Code-a-holic: March 2008

Tuesday, March 11, 2008

[Perl] How to do it better

There are some really helpful people in the Perl community. I advertised the original posting on comp.lang.perl.misc and received some very useful responses from John W. Krahn and Michele Dondi, as below.

With respect to the rules, John wrote:

# Rule 1. Remove all 's' 
sub rule1 {
   ( my $arg = shift ) =~ tr/s//d;
   return $arg;
}

# Rule 2. Sort the characters of the word into alphabetic order 
sub rule2 {
   return join '', sort split //, shift;
}

John> Why [were] you converting the '|' character and the 'e' character to 'e'?

# Rule 3. Convert all vowels to 'e 
sub rule3 {
     ( my $arg = shift ) =~ tr/aiou/e/;
     return $arg;
}

John> The . character class matches a lot more than just letters, or did you really mean "replace any first character except newline with 'n'".

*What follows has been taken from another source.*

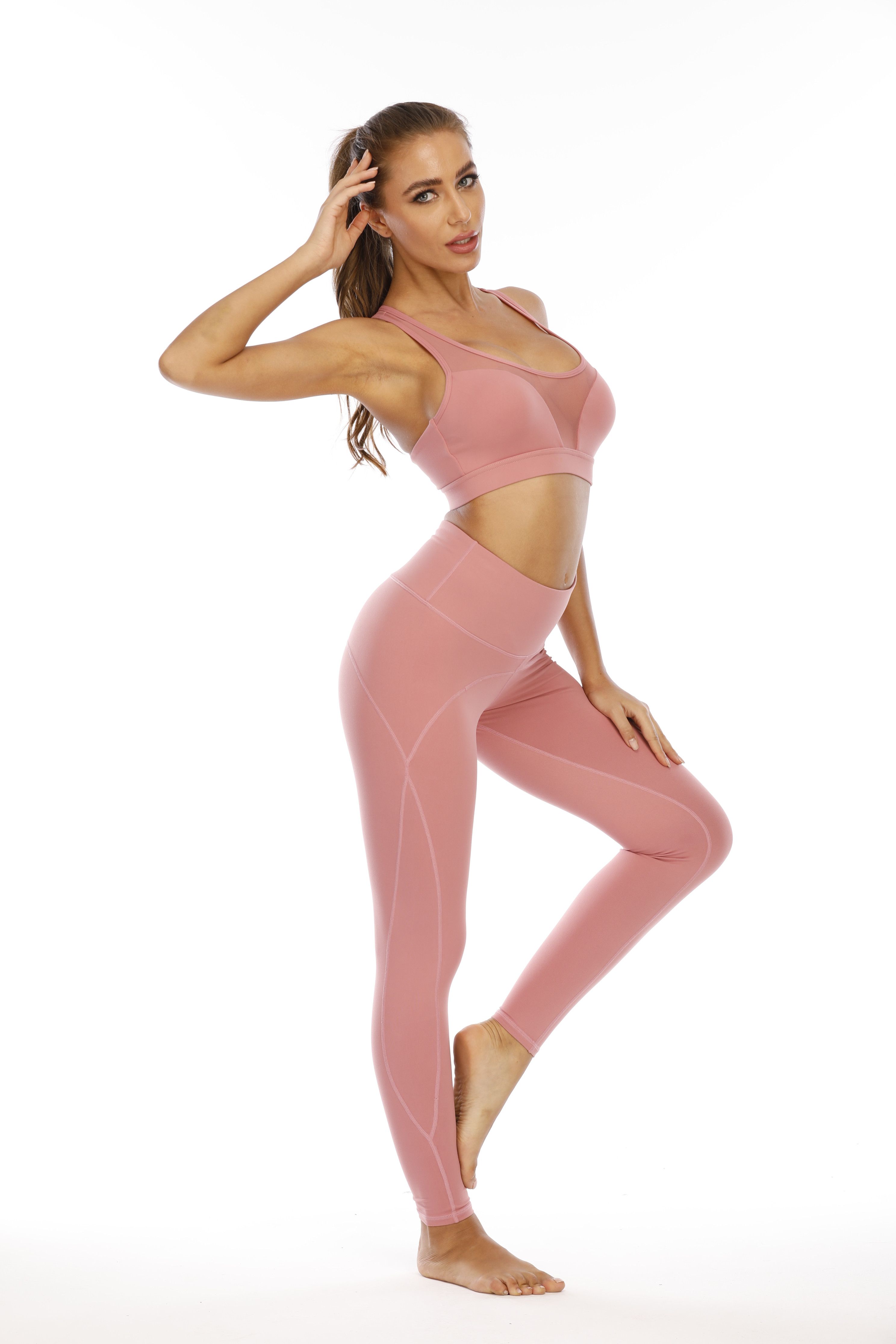 Fashion Yoga Women Pink Leggings Joggers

# Rule 4. Replace the first letter with 'n' 
sub rule4 {
   ( my $arg = shift ) =~ s/\A[[:alpha:]]/n/;
   return $arg;
}

John> The . character class matches a lot more than just letters.

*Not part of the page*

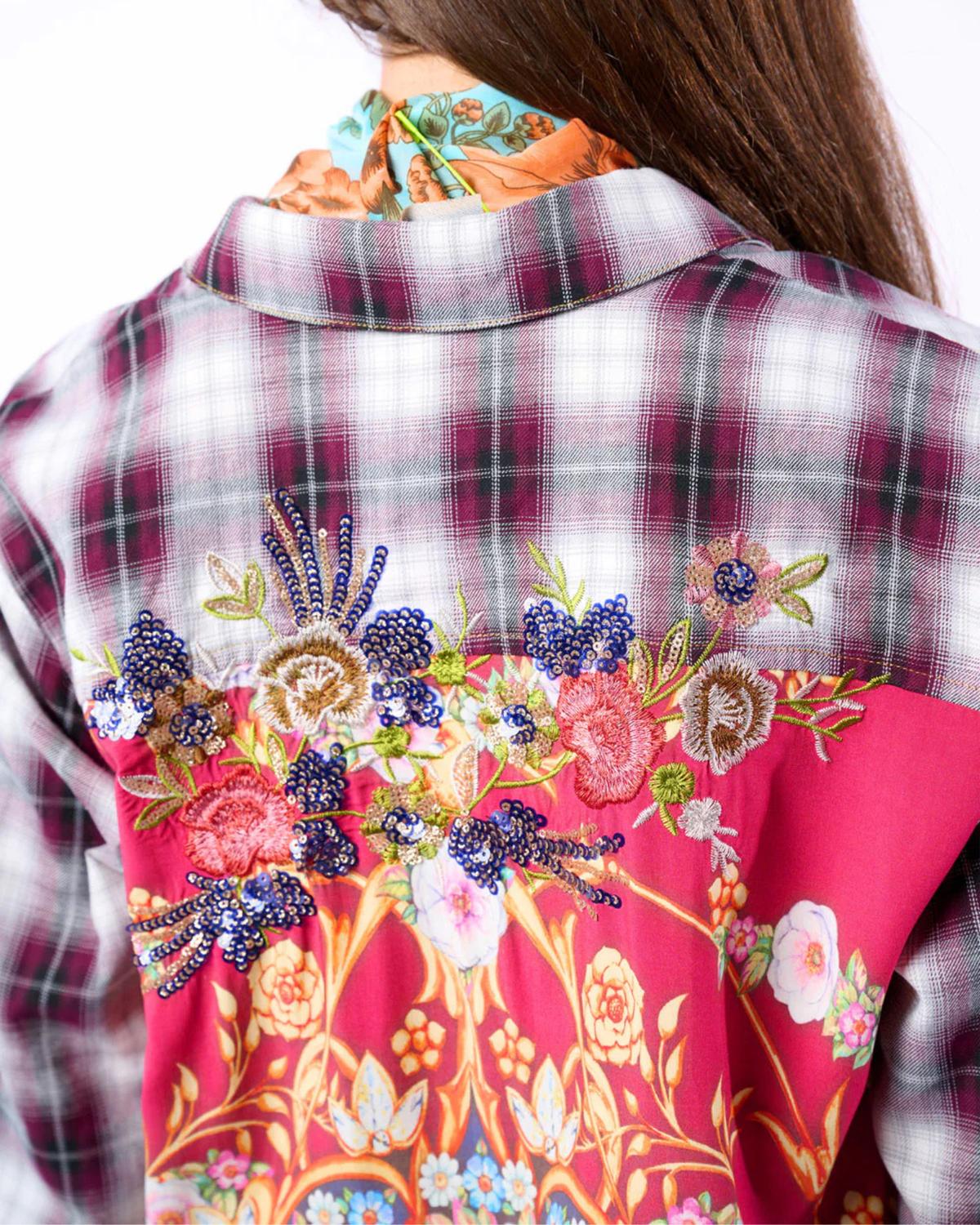 Aratta Alice Long Sleeve Button-up Top in off white wine - women's long sleeve top - alternate view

# Rule 5. Drop the last letter 
sub rule5 {
   ( my $arg = shift ) =~ s/[[:alpha:]]\z//;
   return $arg;
}

# Rule  6. Replace letter pairs with 'ow'
sub rule6 {
   ( my $arg = shift ) =~ s/([[:lower:]])\1/ow/g;
   return $arg;
}

Then, with respect to the string eval() of each rule, John said, "Ouch! Use a dispatch table instead of string eval()."

my %rule = (
     1 => sub {
         ( my $arg = shift ) =~ tr/s//d;
         return $arg;
         },
     2 => sub {
         return join '', sort split //, shift;
         },
     3 => sub {
         ( my $arg = shift ) =~ tr/aiou/e/;
         return $arg;
         },
# more rules here
     );

# and later on, use rules
     $res = $rule{ $j }( $arg ); 

At this point Michele Dondi chipped in with, ">my %rule = (
>  1 => sub {
>    ( my $arg = shift ) =~ tr/s//d;
>    return $arg;
>    },
>  2 => sub {
>    return join '', sort split //, shift;
>    },

Since the keys are numbers, an array may be appropriate."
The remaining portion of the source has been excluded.